FIG. 12 is an operational flow diagram illustrating a method of determining distance and velocity of a target using an FMCW LiDAR device, in an embodiment.

FIG. 13 depicts a block diagram illustrating a filter bank for separation of N electrical signals, in an embodiment.

FIG. 14 depicts a block diagram illustrating a nonlinear mixer for conversion of signal frequency to a desired range, in an embodiment.

FIG. 15 depicts a block diagram illustrating an exemplary system for accumulating data in a recording device over one frame from N frequency detectors, in an embodiment.

FIG. 16 depicts a block diagram illustrating polarization multiplexing using a polarization switch, in an embodiment.

FIG. 17 illustrates a graph showing SNR calculated for the increased integration time of an FMCW LiDAR device, in an embodiment.

FIG. 18 depicts a signal processing block diagram illustrating FMCW LiDAR device operation, in an embodiment.

FIG. 19 illustrates a block diagram illustrating an exemplary FMCW LiDAR device, in an embodiment.

FIG. 20 depicts an example of the layout of the micro-optical components of an exemplary FMCW LiDAR device.

FIG. 21 depicts an enlarged representation of micro-optical components of an exemplary FMCW LiDAR device.

FIG. 22 depicts a block diagram illustrating an exemplary computing system for execution of the operations comprising various embodiments of the disclosure.

DETAILED DESCRIPTION

Although the following detailed description contains many specific details for the purposes of illustration, anyone of ordinary skill in the art will appreciate that many variations and alterations to the following details are within the scope of the invention.
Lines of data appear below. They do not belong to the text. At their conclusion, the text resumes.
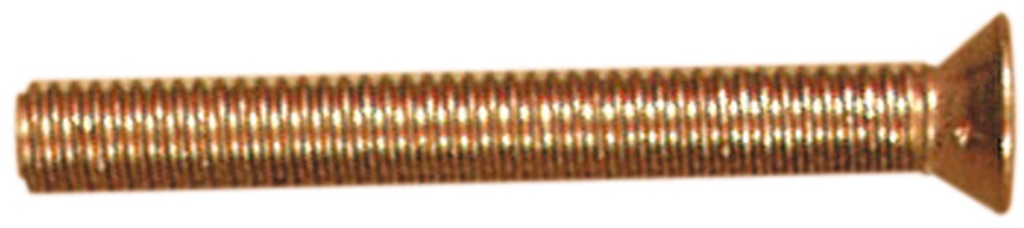 Weight Screw Standard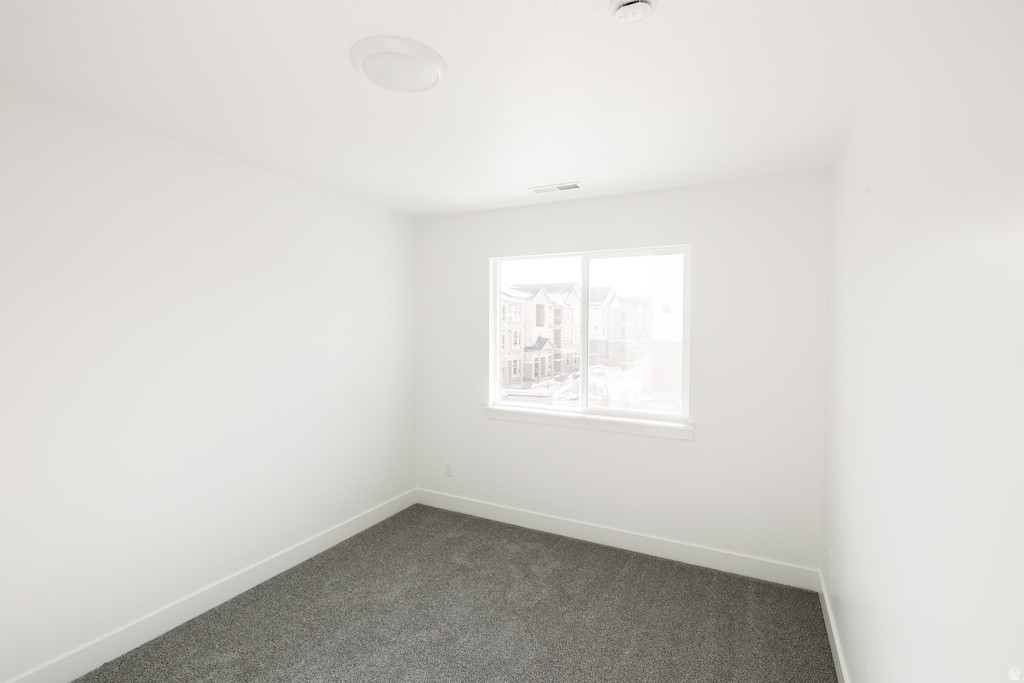 1471 W SKYLINE DR #907 Saratoga Springs, UT 84045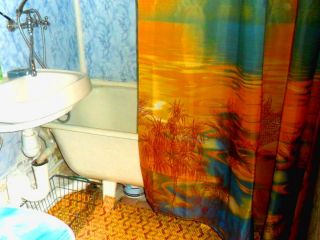 Сдается 1 комн. квартира косметический ремонт посуточно с мебелью фото 12 Москва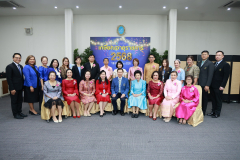 123_resize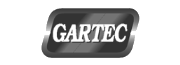 Gartec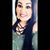 Sara Diane Herrera's profile image
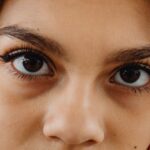Synergy Marble Eye OPATRA-Bewertung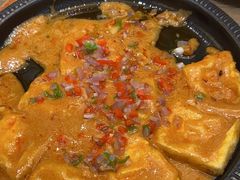 -滇食记·云南家常菜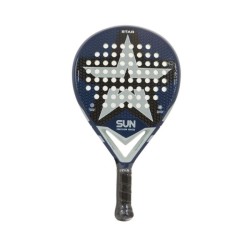 STAR PADEL SUN BLU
Accordingly, the aspects of the disclosure described below are set forth without any loss of generality to, and without imposing limitations upon, the claimed invention.

In the following detailed description, reference is made to the accompanying drawings, which form a part hereof, and in which is shown by way of illustration specific embodiments in which the invention may be practiced. In this regard, directional terminology, such as “top,” “bottom,” “front,” “back,” “first,” “second,” etc., is used with reference to the orientation of the figure(s) being described. Because components of embodiments of the present invention can be positioned in many different orientations, the directional terminology is used for purposes of illustration and is in no way limiting. It is to be understood that other embodiments may be utilized and structural or logical changes may be made without departing from the scope of the present invention. The following detailed description, therefore, is not to be taken in a limiting sense, and the scope of the present invention is defined by the appended claims.
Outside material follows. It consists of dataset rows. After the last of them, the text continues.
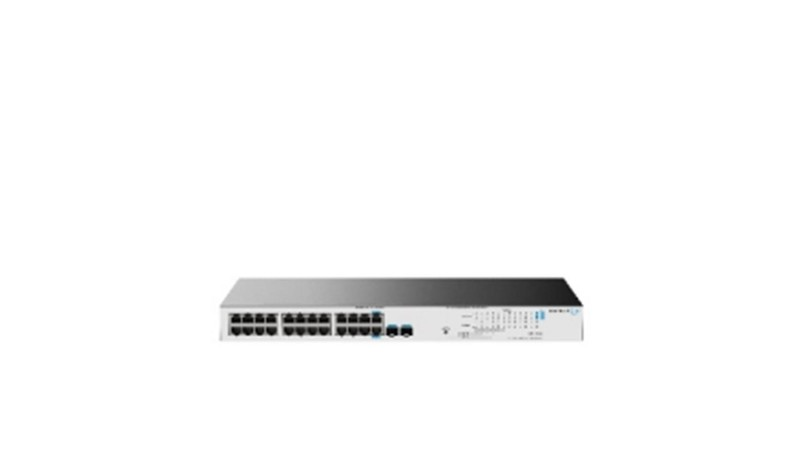 H3C US126-X-HP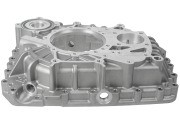 Корпус заднего делителя КПП ZF 16S151 95534152 EURORICAMBI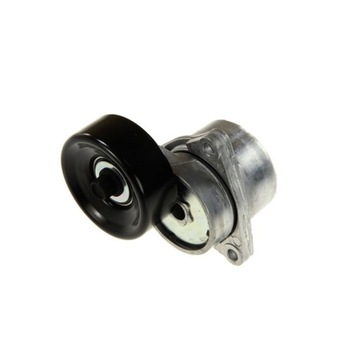 фото thumb №12, Skf vkm 62002 ролик натяжитель, лента klinowy wielorowkowy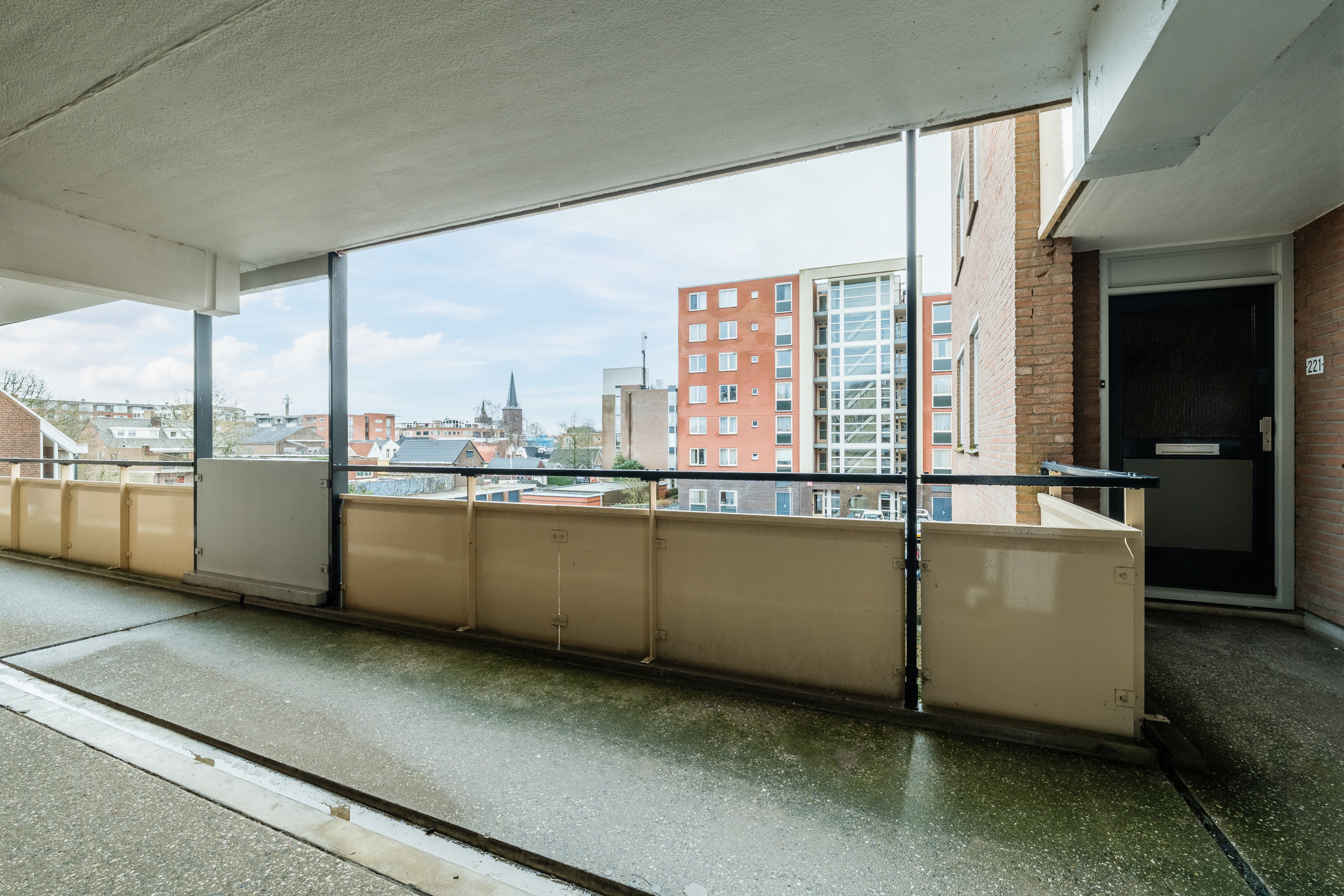 Stationsstraat 221 - Gallery item 27
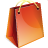 Shopping Icon 48x48 png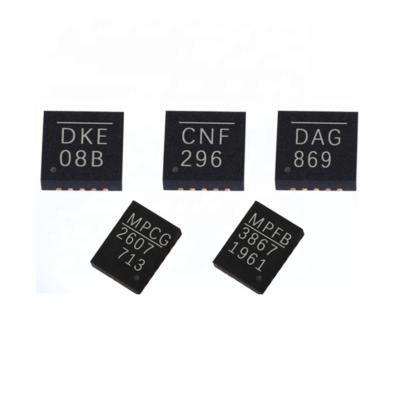 China MP3421 integrated circuit buck converter DC chip new original MP3421GG-Z MP38671DL-LF-Z MP2607DL-LF-Z for sale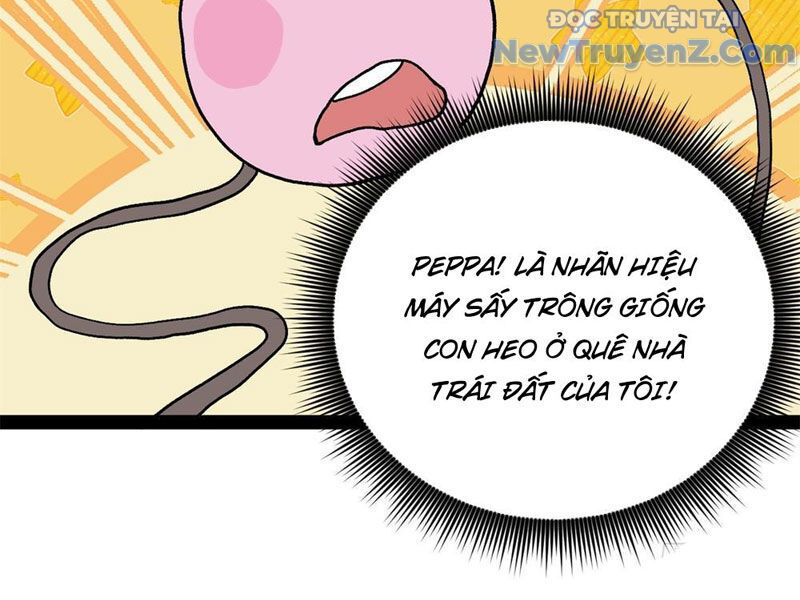 Người Giữ Cửa Vạn Giới - Chapter 51 - Page 64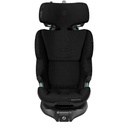Maxi-Cosi Emerald 360 Pro 32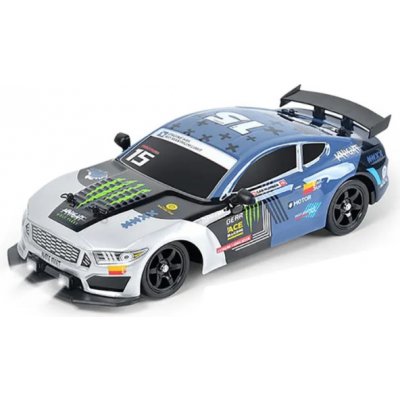 IQ models HB-drift 1/16 Wolf-15 RC_314450 RTR 1:16 – Zboží Dáma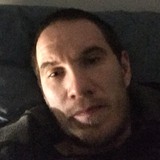 Mikeshimam4 from Abbotsford | Man | 31 years old | Sagittarius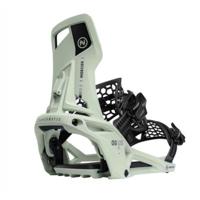 Nidecker Snowboard Binding L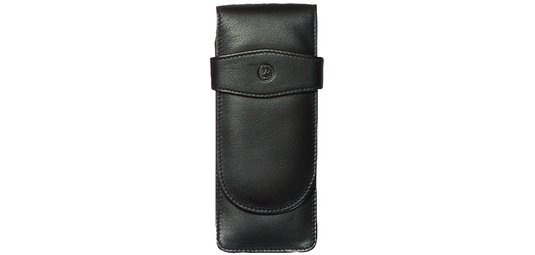 Etui en cuir TG31 pour outils d'écriture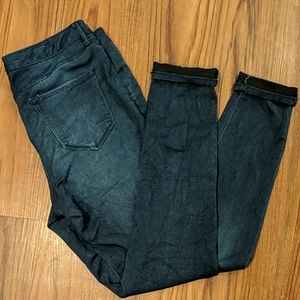 Nine West Jessica Jeggings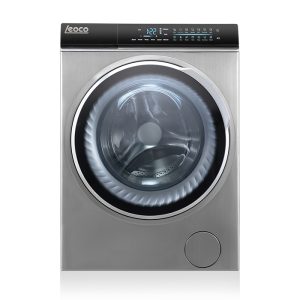 ماشین لباسشویی 12 کیلو گرمی LWM1216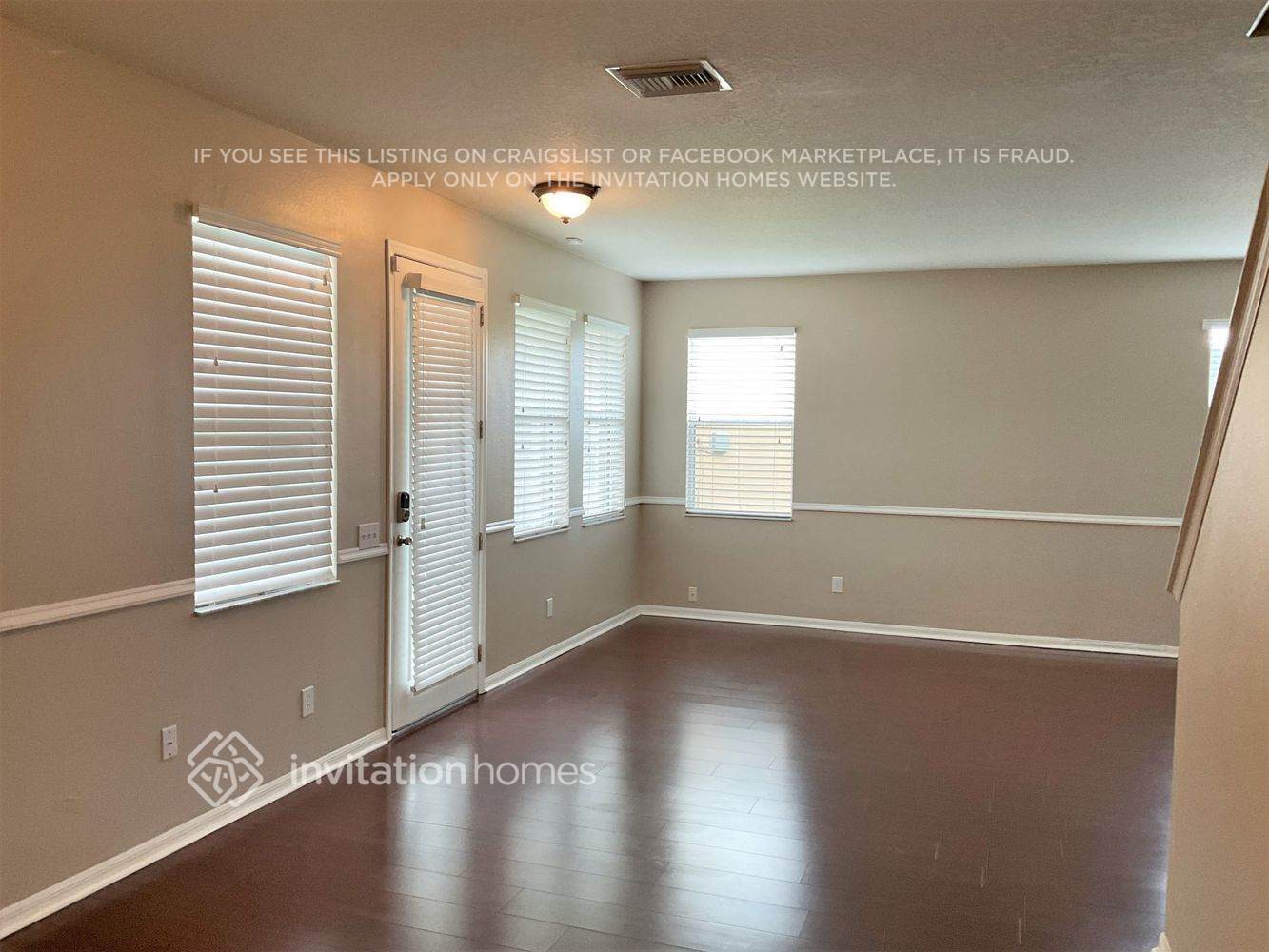 Building Photo - 32152 Brookstone Dr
An FMCW LiDAR may include a transmitter, such as a laser, whose optical frequency (i.e., wavelength) is swept or changed in time. The frequency sweep incorporates both an up-ramp and down-ramp to measure both distance and velocity. FIG. 1 illustrates a graph 100 showing FMCW LiDAR measurement principles, in an embodiment. The wavelength sweep of the FMCW LiDAR laser is shown as intermediate dashed line 101. The signal received back from a reflecting target will be a time-shifted version of the transmitted wave (seen in graph 100 as tight dashed line 102). The reflected signal 102 may be used to measure distance from the reflected target using the resulting beat frequency at the receiver. Should the target be moving, a Doppler shift will be imparted, offsetting the frequency of the received signal either up or down depending on the direction of relative motion. The Doppler-shifted reflected signal of a moving target is shown as solid line 103 and may be used to measure the relative velocity of the target.
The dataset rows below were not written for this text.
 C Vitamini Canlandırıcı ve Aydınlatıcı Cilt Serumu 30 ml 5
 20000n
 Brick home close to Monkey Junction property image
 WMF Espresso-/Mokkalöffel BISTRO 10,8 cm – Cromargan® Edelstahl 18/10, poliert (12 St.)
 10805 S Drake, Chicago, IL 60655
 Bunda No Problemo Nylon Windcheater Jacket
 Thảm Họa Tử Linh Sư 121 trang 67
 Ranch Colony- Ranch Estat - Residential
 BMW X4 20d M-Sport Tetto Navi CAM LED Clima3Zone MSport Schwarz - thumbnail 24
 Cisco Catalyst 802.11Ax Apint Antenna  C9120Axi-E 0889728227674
FMCW LiDARs, using the principles shown in FIG. 1, can provide the user with an image of a distant scene, including distance to and velocity of targets, but are conventionally limited in their field-of-view (FOV). This is a result of the frame rate, typically 25 Hz to 60 Hz, which preferably is set to provide the user with real-time data. Regarding a 25 Hz, or slower frame rate, the time between frames is 1/25 Hz or 40 milliseconds. A typical range for an automotive LiDAR might be 200 meters. The maximum round trip time (or time-of-flight, TOF) in that case is TOF=2*200 m/c where c is the vacuum speed of light, giving TOF=1.333 microseconds. For a single beam LiDAR, or one that samples only in a single direction at a given time, one is then allowed to sample 40 ms/1.333 microseconds ˜30,000 directions per frame. This has at least two key drawbacks. First, if the resolution of the LiDAR is intended to be a typically quoted 0.1° (the angular bin) and each angular bin is adjacent to the next, the maximum FOV becomes approximately 17° by 17°. This is insufficient for a practical automotive LiDAR. To increase the FOV, the angular bins may be spaced further apart, but this leads to gaps in the image, which may resemble strong pixelization or streaks in the image data. Alternatively, the angular bin size may be increased, but this clearly comes at the expense of resolution.

A second drawback to conventional single beam LiDAR systems used for most self-driving cars is the integration time. While each direction is allocated 1.33 microseconds, a measurement begins only after the beam is reflected from the target and returns to the receiver. Therefore, the measurement time, T_meas, is given by T_meas=1.33 μs−2D_target/c where D_target is the distance from the lidar to the target. In the conventional case described above, T_meas→0 at full range (200 m), and therefore the signal-to-noise ratio (SNR) also falls to 0, and therefore the range of the LiDAR is not truly 200 m. This is illustrated graph 200 in FIG. 2, which details the SNR for the conventional LiDAR as a function of distance for a 20 cm×20 cm Lambertian target with 10% reflectivity, 1 cm diameter receiver aperture, and 20 mW of laser power. The beam is assumed to have a divergence angle of 0.1°. At short ranges (201), the SNR is quite high, and the system has good performance. However, due to the reduction in available integration time, the SNR drops to 1 at a range of about 180 m (202), and at 200 m drops to 0 (203). One way to overcome this problem is to increase the integration time. However, in a conventional LiDAR, this requires decreasing the number of directions, and therefore the FOV will suffer.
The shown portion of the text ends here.